Thompson, who held a top secret security clearance, had been stationed at a Special Operations Task Force facility in Iraq from mid-December 2019 until her arrest a few months later.

Years before she began passing classified information, she was introduced to a Lebanese national on social media via a family member, according to the statement of facts that she agreed to as part of her plea. Though she never met the man in person, the man expressed interest in marrying her and having her move to Lebanon, the court documents said. The two communicated frequently from 2017 to 2020.

Through their chats, the now 63-year-old Thompson learned that the man, who is unnamed in the court documents, had a nephew who was a member of the Lebanese Ministry of the Interior. The man also claimed to have contact with members of Hezbollah.

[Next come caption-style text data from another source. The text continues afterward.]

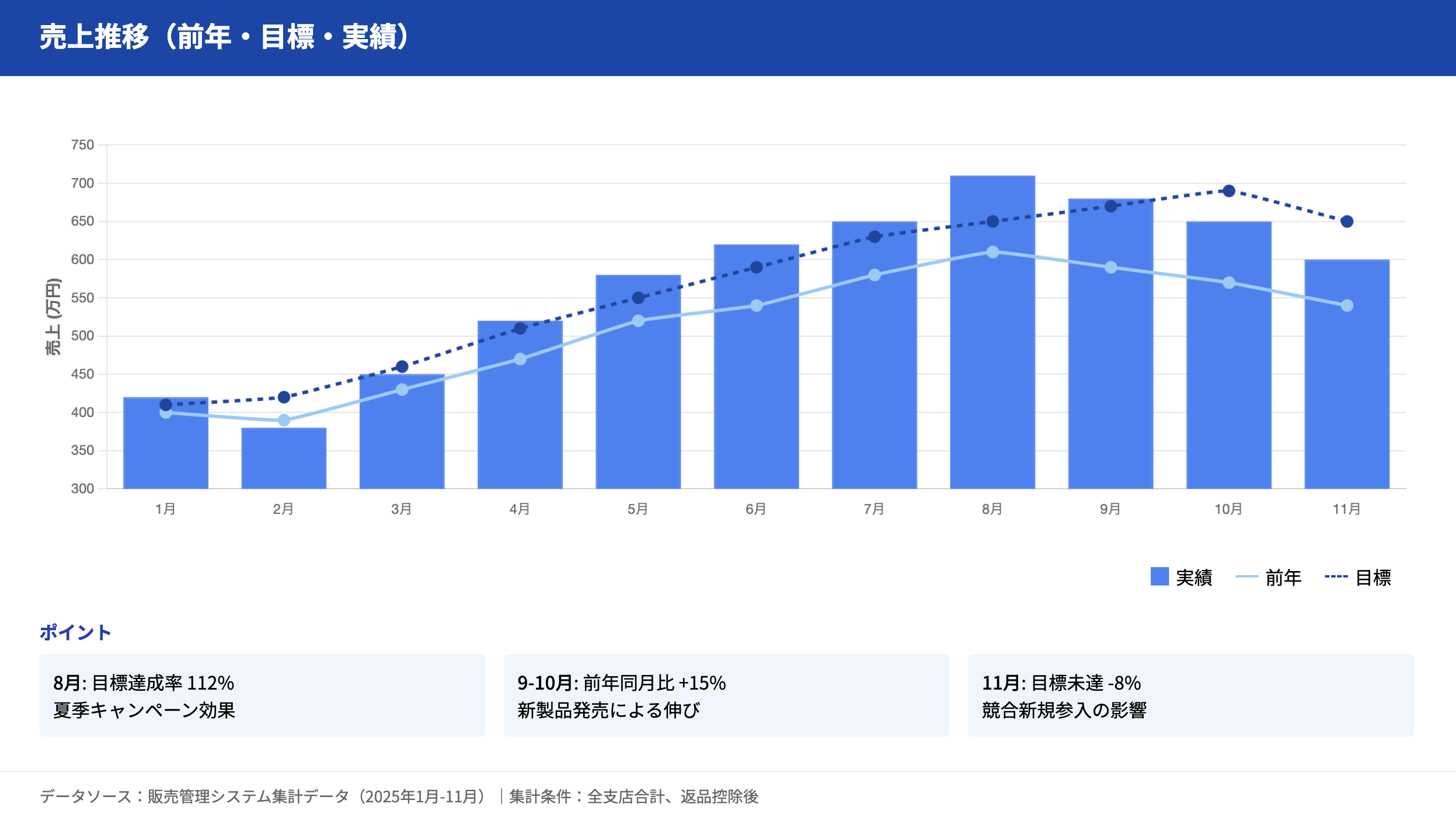 スクリーンショット 2025-11-03 15.20.31.png スクリーンショット 2025-11-03 15.20.31.png
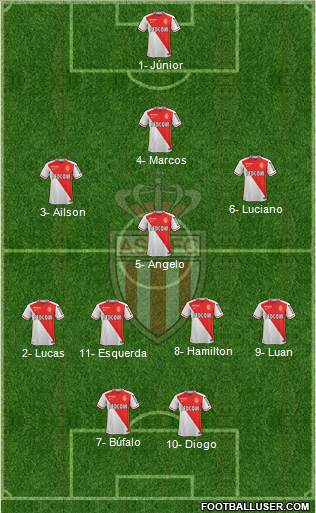 AS Monaco FC Formation 2015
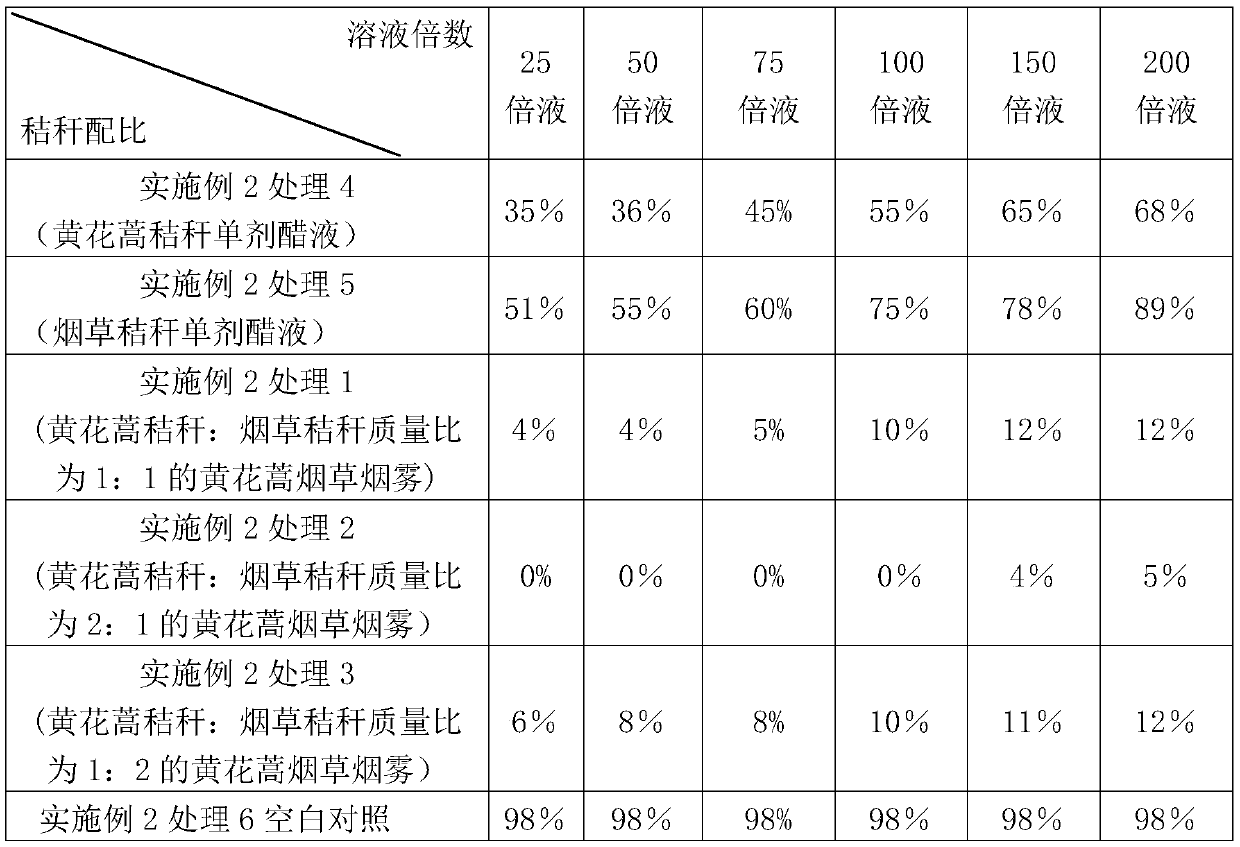 Application of Artemisia annua Tobacco Vinegar Liquid in Controlling Root-knot Nematodes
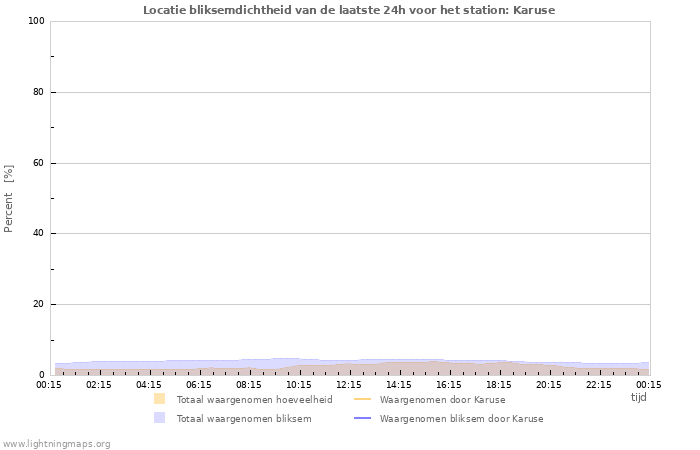 Grafieken: Locatie bliksemdichtheid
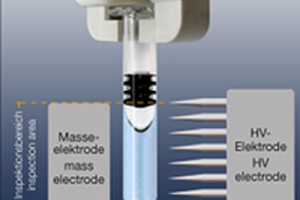 Leak detection and vision inspection combined in one machine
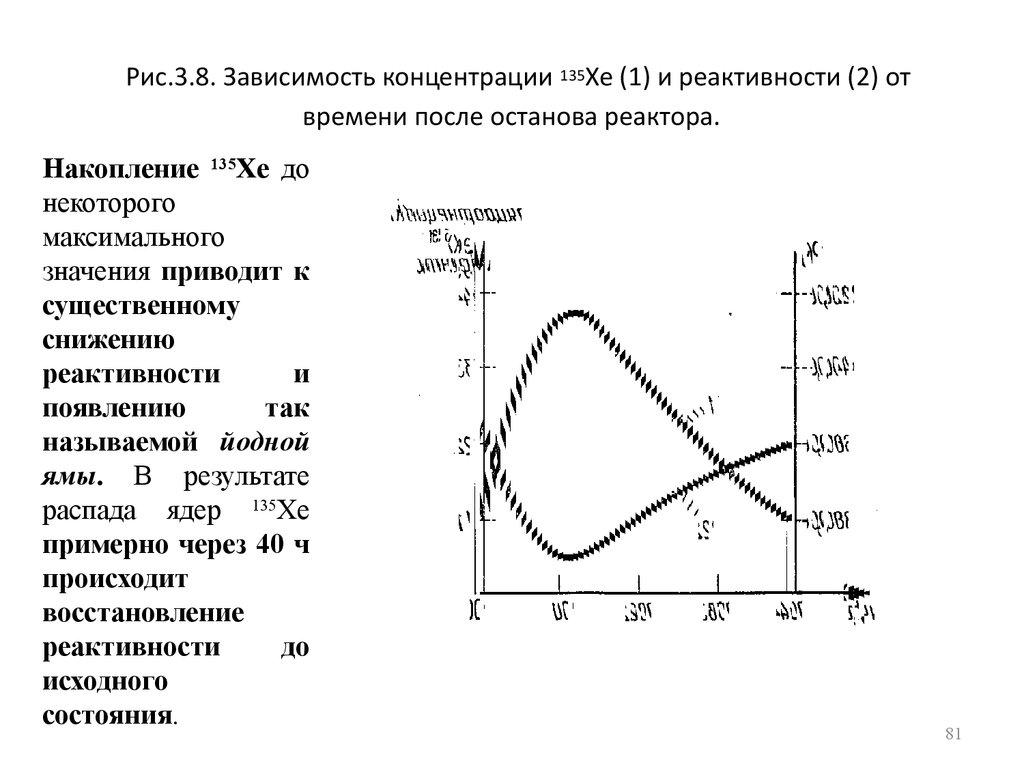 Графики зависимости концентраций. Изменение реактивности реактора. График зависимости концентрации от времени. Изменение концентрации по длине реактора. Реактивность реактора график.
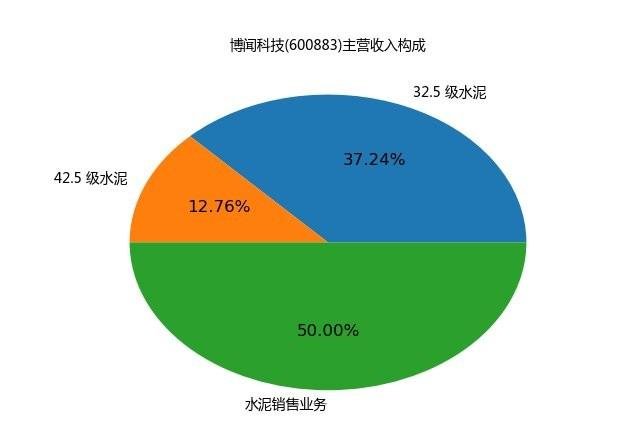 宜进人口是什么意思_2015年12月进人口黄道吉日(3)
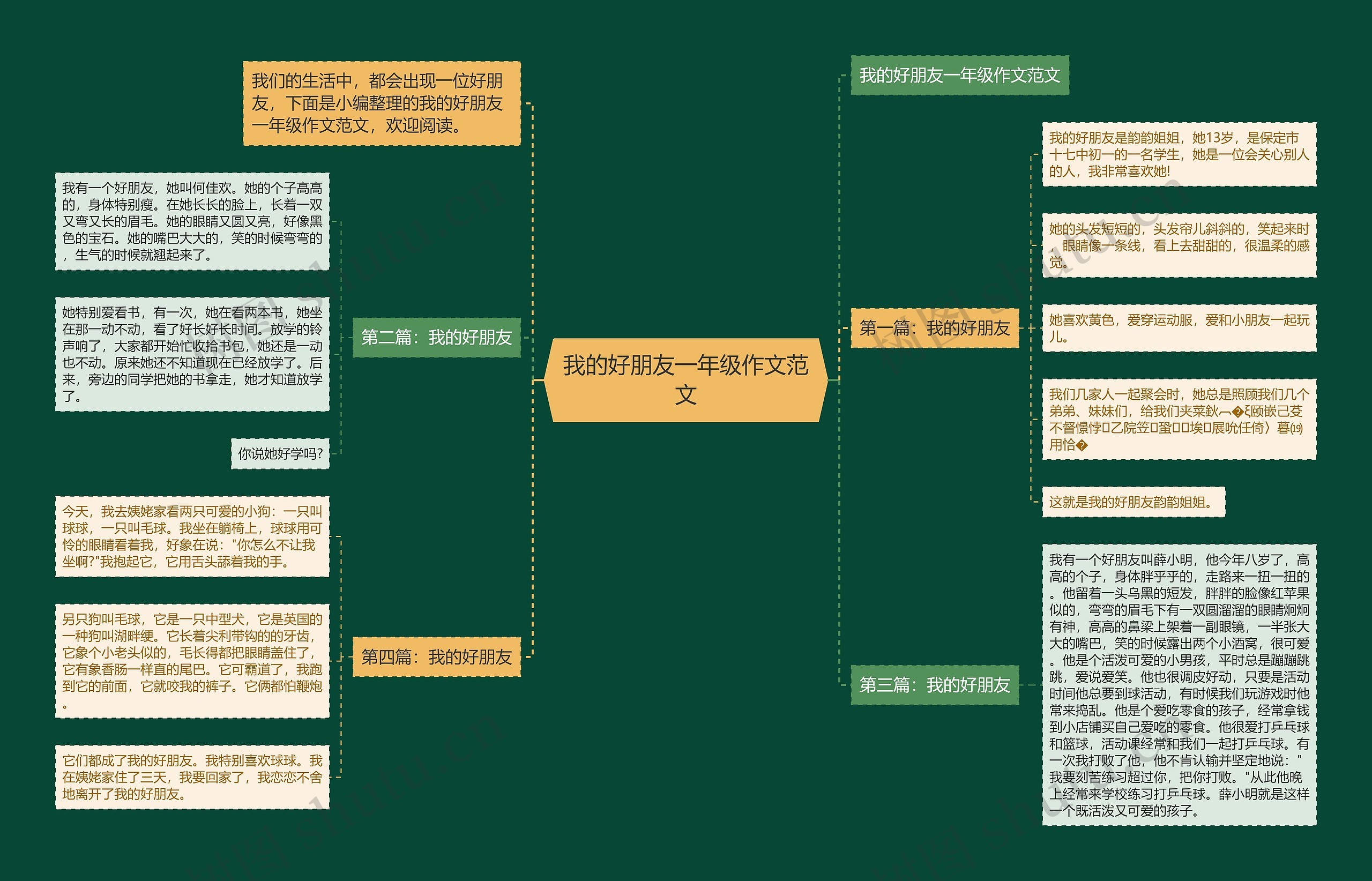 我的好朋友一年级作文范文思维导图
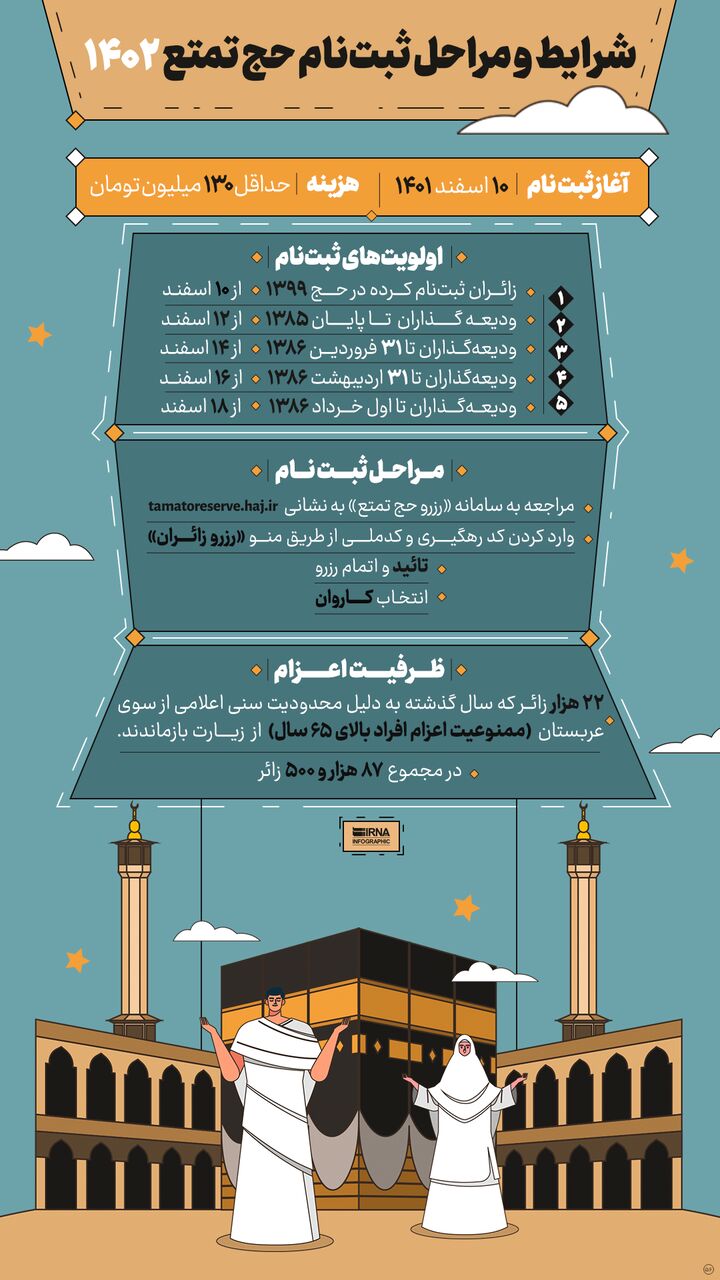 شرایط و مراحل ثبت‌نام حج تمتع ۱۴۰۲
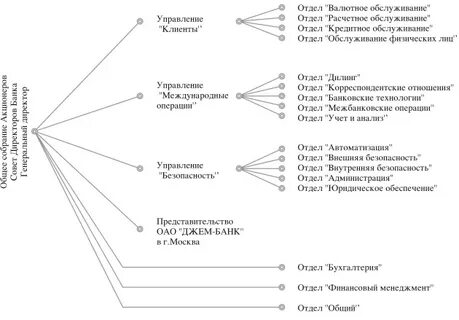 Банковские управление активами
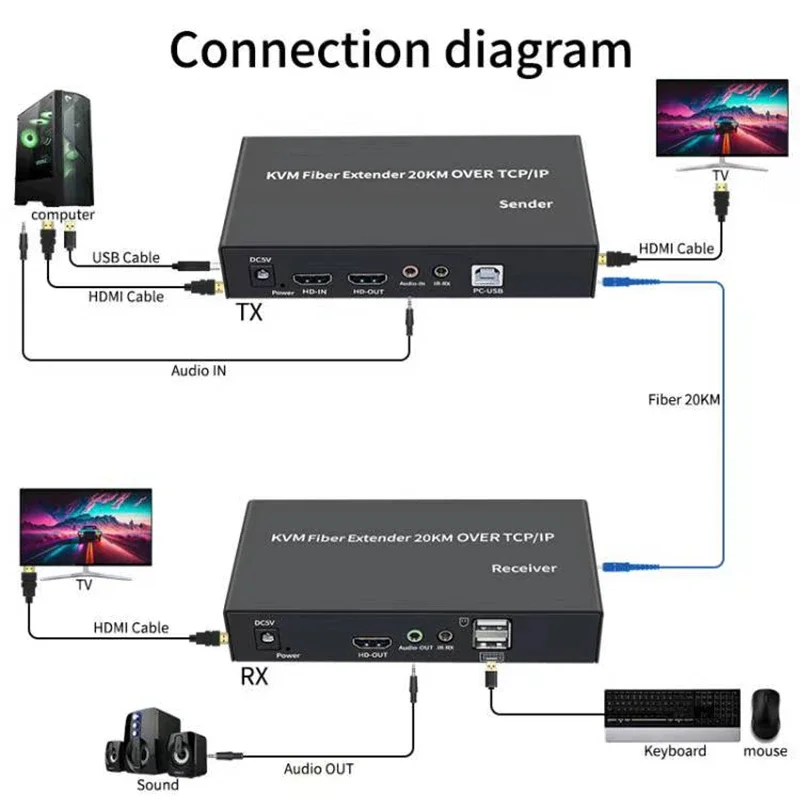 HDMI الألياف البصرية جهاز الإر - مراجعة Hdmi Arc Cable وسعره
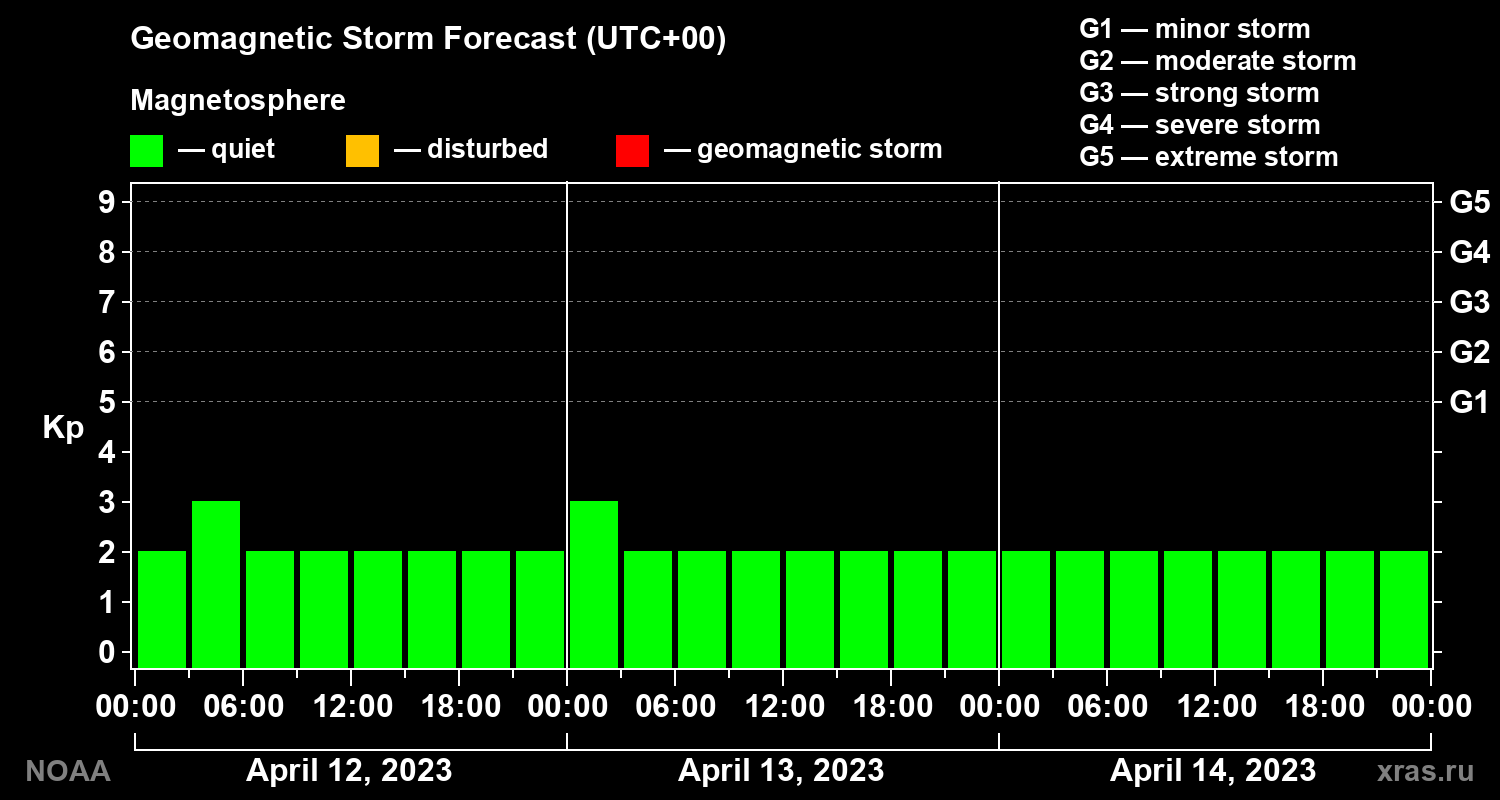 Geomagnetic index Kp forecast for three days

Prosecutors said Thompson did not tell the man where she was stationed and said he had not asked for classified information before January 2020.

That changed after Soleimani was killed by the U.S. The man was “very emotional and upset about the U.S. airstrikes, especially the death of [Soleimani], and he started to ask Thompson to provide ‘them’ with information about the human assets that had helped the United States to target” the Iranian commander, the court documents said. “Thompson understood ‘them’ to be Lebanese [Hezbollah].”

Thompson believed that if she did not pass on the classified information that her relationship with the Lebanese national “would come to an end” and he “would not marry her.”

She then began accessing national defense information that she did not have a need to access or know and showing her notes containing the secret information to the man, the documents said. She handed over true names, personal identification data, background information and photos of clandestine human sources, and also passed on details of U.S. targets, court documents said.

Thompson provided the man with “the identities of at least 10 clandestine human assets; at least 20 U.S. targets; and multiple tactics, techniques and procedures,” the Department of Justice said.

In response, Thompson’s romantic interest told her that “his contacts were pleased with the information” and he would introduce her to a Hezbollah military commander when she arrived in Lebanon, court documents said.

“It’s astounding that an American working for the U.S. military overseas would abandon her country in favor of terrorists,” Alan Kohler Jr., assistant director for the FBI’s Counterintelligence Division, said in a statement. “The FBI and its partners placed a high priority on this case because the defendant provided classified defense information to a foreign terrorist organization, information that put members of the U.S. military in harm’s way.”

Thompson pled guilty to one count of delivering national defense information to aid a foreign government, and faces a maximum sentence of life in prison. Her sentencing is scheduled for June 23.